Comparisons of compressive strains on top of subgrade at different speeds.

5. Conclusions

This study analyzed pavement responses under moving tire loading using 2.5-D FEM, which can significantly reduce computation time than 3-D FEM but maintain the proper accuracy for pavement applications. The 2.5-D approach is suitable for the situation that the speed of moving load and the pavement structure do not change along the travel direction. The accuracy of 2.5-D FEM was verified with two analytical solutions for elastic and viscoelastic pavement responses, respectively. The effects of loading pattern and speed on pavement surface deflection and strain responses were analyzed. The analyzed pavement responses included surface deflections, maximum tensile strains in the asphalt layer, and maximum compressive strains on top of subgrade.

It was found that the point loading caused much greater pavement responses than the area-based loading, and thus it should not be used in pavement analysis and design. When the tire loading was simplified as uniform contact stress in rectangular area, the maximum tensile strains in the asphalt layer varied with the width/length ratio of contact area. As the width/length ratio was taken as 1.3, the uniform loading pattern produced closer results with the ones calculated using the realistic nonuniform contact stresses. On the other hand, the sinusoid-shape contact stresses resulted in similar pavement responses as the realistic nonuniform contact stresses as the asphalt layer thickness was relatively thick. The pavement strain responses decreased as the speed increased, and this effect was not affected by asphalt layer thickness.

The analysis results indicate that viscoelastic responses of asphalt pavement under moving load and nonuniform contact stress can be calculated using the proposed 2.5-D FEM in a fast manner.
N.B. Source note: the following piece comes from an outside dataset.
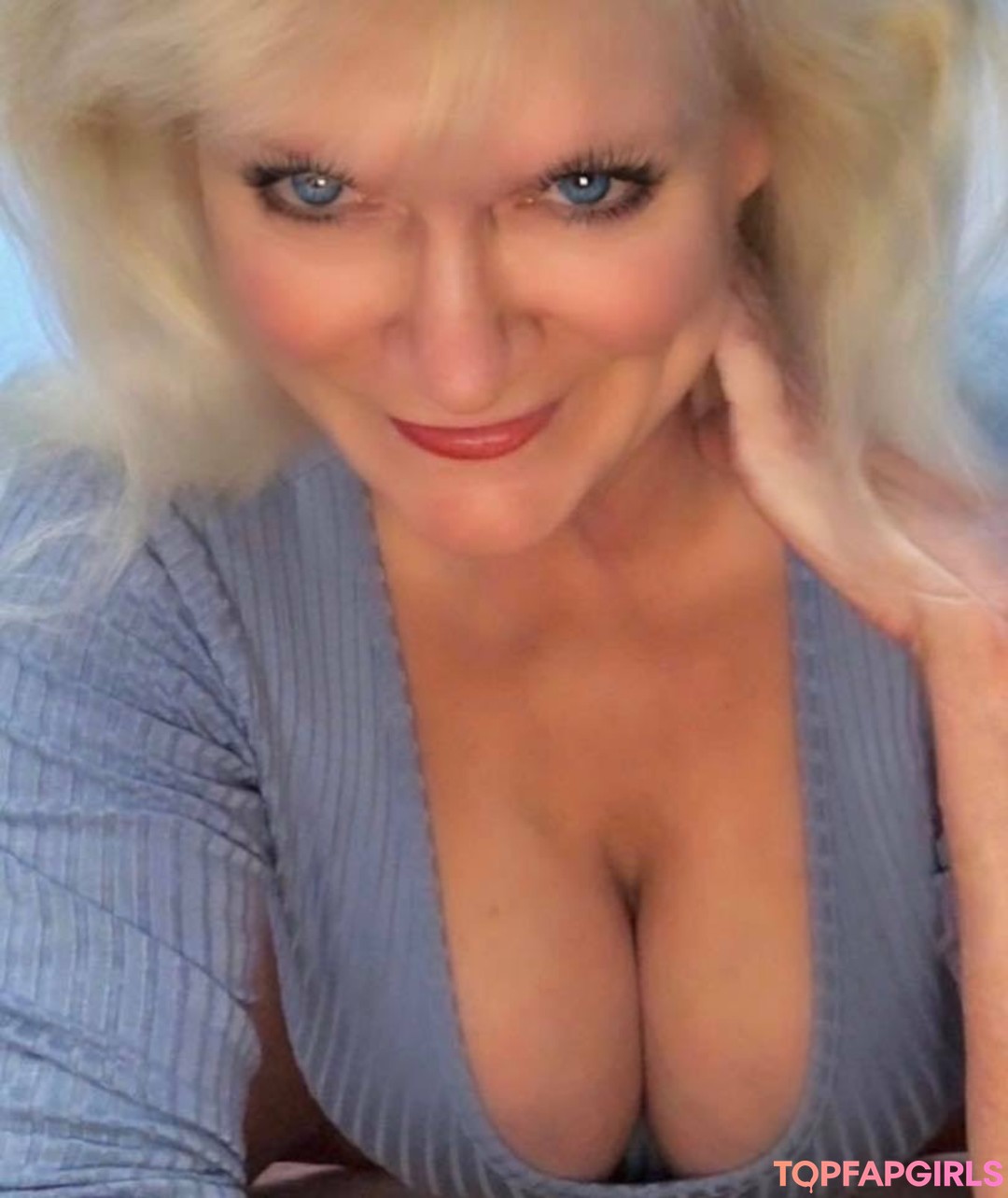 Nagie wyciekłe zdjęcie OnlyFans od Sandie Lee #23 Nagie wyciekłe zdjęcie OnlyFans od Sandie Lee #23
The 2.5-D FEM has major advantage of time saving as compared to traditional 3-D FEM. This provides an effective forward model for mechanistic-empirical pavement design and analysis. More importantly, the 2.5-D FEM has the potential for backcalculation of pavement layer modulus from surface measured deflections due to the flexibility of algorithm.

Data Availability

The data used to support the findings of this study are included within the article.

Conflicts of Interest

The authors declare that there are no conflicts of interest.

Acknowledgments

This research was supported by Sichuan Science and Technology Program (grant no. 2019YFS0492) and National Natural Science Foundation of China (grant no. 51378440). This work was also supported by the Chinese Scholarship Council (no. 201607000114) for Mr. Chaoyang Wu to study at Rutgers University as visiting PhD student.